* Provided records:
◇ ◇ ◇ ◇ ◇

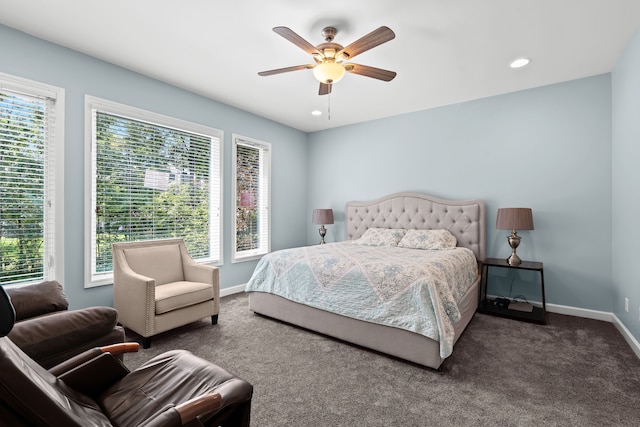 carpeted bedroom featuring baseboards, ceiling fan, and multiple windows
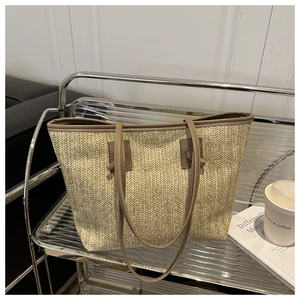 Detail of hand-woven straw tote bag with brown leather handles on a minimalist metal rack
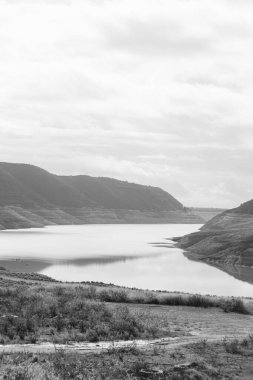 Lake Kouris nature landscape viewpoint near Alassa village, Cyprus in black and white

◇ ◇ ◇ ◇ ◇

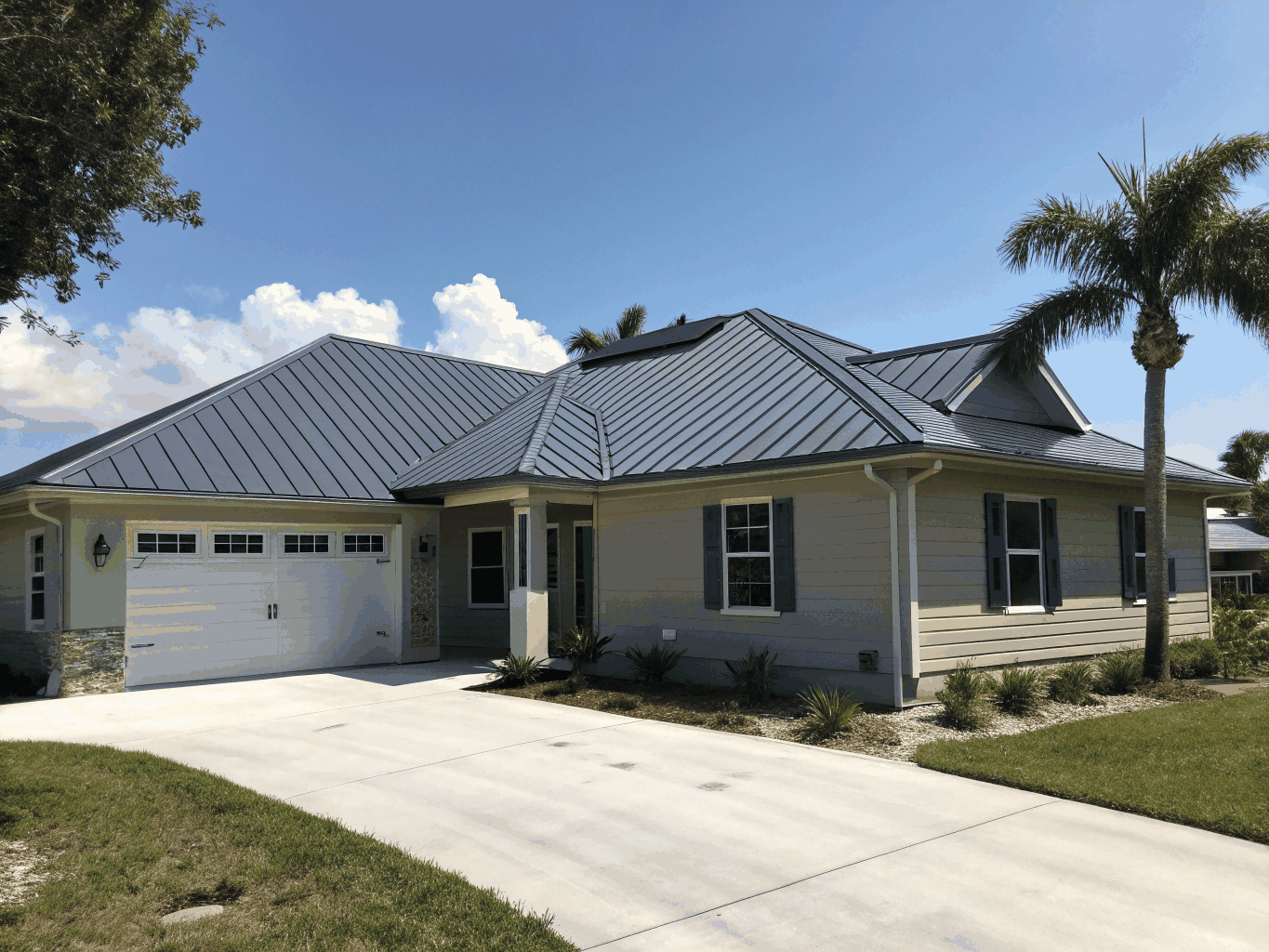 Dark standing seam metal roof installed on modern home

◇ ◇ ◇ ◇ ◇

Look back over the records above. Reproduce exactly everything from the line with "carpeted bedroom featuring" down to the line with "Lake Kouris nature", inclusive, and leave the pictures out.

* Written solution:
 carpeted bedroom featuring baseboards, ceiling fan, and multiple windows
 Detail of hand-woven straw tote bag with brown leather handles on a minimalist metal rack
 Lake Kouris nature landscape viewpoint near Alassa village, Cyprus in black and white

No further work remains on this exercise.